OPINION OF THE COURT
On April 12, 1967, the Insurance Commissioner of Pennsylvania, acting under § 502 of the Insurance Department Act of 1921 as amended
ordered the suspension of Safeguard Mutual Insurance Company and applied to the Common Pleas Court of Dauphin County for liquidation of the company. In the same proceeding the company filed a petition to vacate the suspension order.
While the state court action was pending, the company brought the present action claiming that § 502 violates its right to due process under the Fourteenth Amendment because it authorizes the Insurance Commissioner to suspend the company's business without advance notice or hearing, is void for vagueness, and constitutes an unlawful delegation of power to the Insurance Commissioner. This three-judge court was accordingly constituted.
On May 31, 1967, we entered an order staying proceedings in this case "until the final determination of the proceedings" in the Common Pleas Court of Dauphin County, considering that such an important question involving state regulation of insurance should preferably be decided by the courts of the state which adopted the statute, in the proceeding then pending, in which factual elements might play an important role. Unfortunately, it has taken three years for the decision of the case in the trial court. The history of the litigation in the state court and related actions in the Supreme Court of Pennsylvania and the Supreme Court of the United States is complex and its recital is not necessary at this time.

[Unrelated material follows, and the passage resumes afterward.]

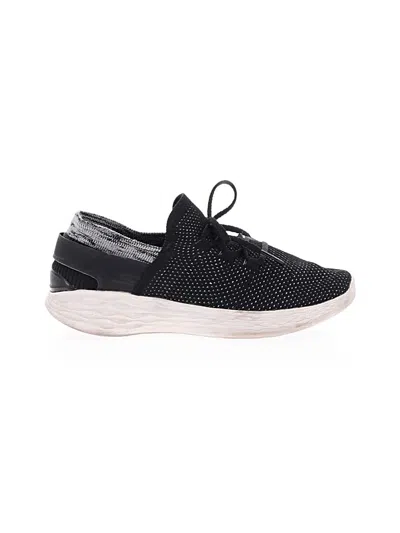 Pre-owned Skechers Sneakers In Black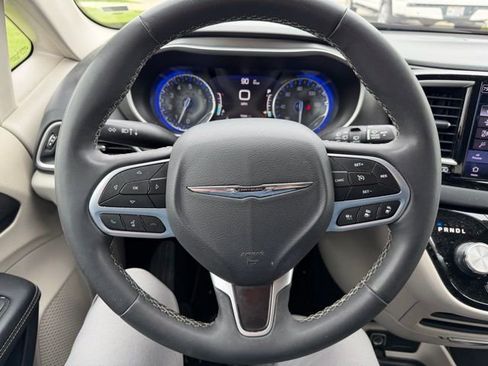 Used 2023 Chrysler Pacifica Touring-L FWD image 20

In any event, the proceedings in the Common Pleas Court of Dauphin County were concluded by a nisi order entered September 25, 1969,
and the dismissal of exceptions thereto on April 14, 1970. The Common Pleas Court denied the Commonwealth's petition for the appointment of a statutory liquidator and granted the company's petition to vacate the suspension order.
The decision, however, has not brought complete satisfaction to the company, first because it is still subject to appeal and also because the company claims that it was based on factual issues and did not decide the constitutional validity of § 502. It is agreed that the time for appeal is not yet expired and the Commonwealth stated at bar that it has not yet decided whether it will appeal because it is still studying the very detailed and voluminous opinion and findings of fact and conclusions of law of the Common Pleas Court.

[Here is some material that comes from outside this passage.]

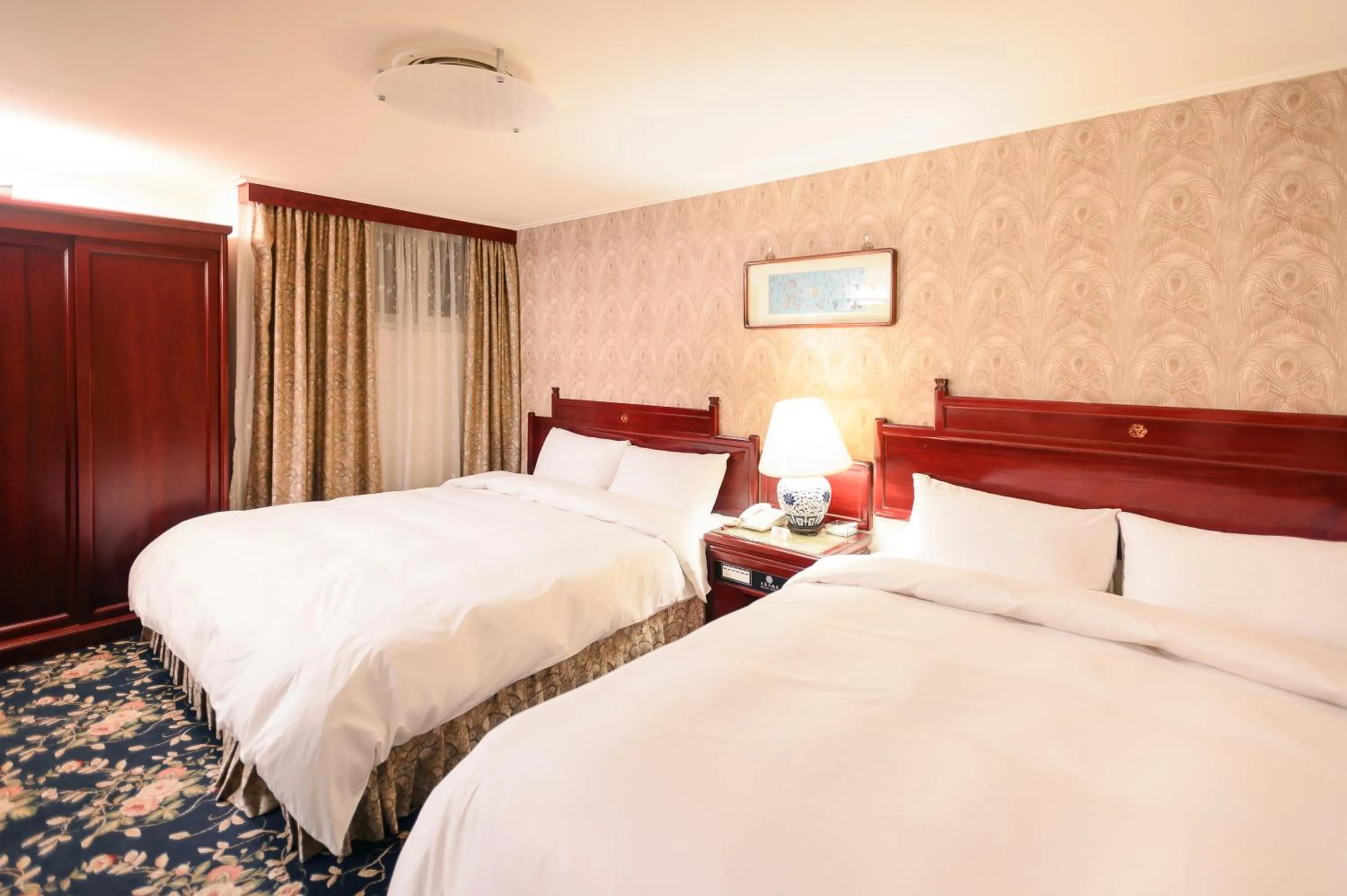 Kiwi Hotel MRT Wenxin Branch (Feng Chia Branch 1)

During the course of these proceedings in the state court, the plaintiff, dissatisfied with the delay in the state court, has sought from time to time to have us dissolve our stay order. This we have refused to do in the early applications because of the paramount desirability of a state court decision, at least preliminarily, and later because of the apparent imminence of the state court decision. The present motion adds an additional element. In paragraph 5 of its motion to dissolve the stay order the company avers that examiners of the Insurance Department are in the company's office conducting an examination "for the sole purpose of inventing a new set of false charges so that it can again suspend the Company in violation of the Constitution of the United States by purportedly acting under the statute which is contested as unconstitutional in the instant matter." The Commonwealth's reply admits that its examiners are presently conducting an examination of the company which it claims is required by law and denies the remaining allegations of the company's averment. We were told at bar that the examiners are demanding the production of the company's books and records with a threat of suspension and liquidation, and that this would be all the more unjust because it is as a result of the suspension order and its protraction over the long period of the pendency of the Dauphin County proceeding that the company's books and records have fallen into confusion and it has been made difficult for it to satisfy the demands of the Insurance Commissioner's representatives.
It is clear from what we have described that the long drawn out litigation which formed the basis of the complaint and which resulted in the constitution of this three-judge court is at last drawing to a conclusion. Either the decree of the Common Pleas Court will soon become final by the expiration of the time for appeal, or if an appeal is taken the case will proceed into its ultimate appellate stage in the state courts. Although as the record now stands the company has been freed of the suspension order and the threat of liquidation, it is still subject to the possibility of a reversal by the Pennsylvania appellate courts, which also may find it necessary to decide the constitutional issue.
In these circumstances, we believe it appropriate that our stay order entered because of the pendency of the state court proceedings should continue unchanged. The constitutional issue remains the same even under the new factual claim made in the motion to dissolve the stay order. Therefore, we need not now determine the status of the new factual claim under the three-judge court statute. It also follows that the Commonwealth's application that the action be dismissed as moot should be denied.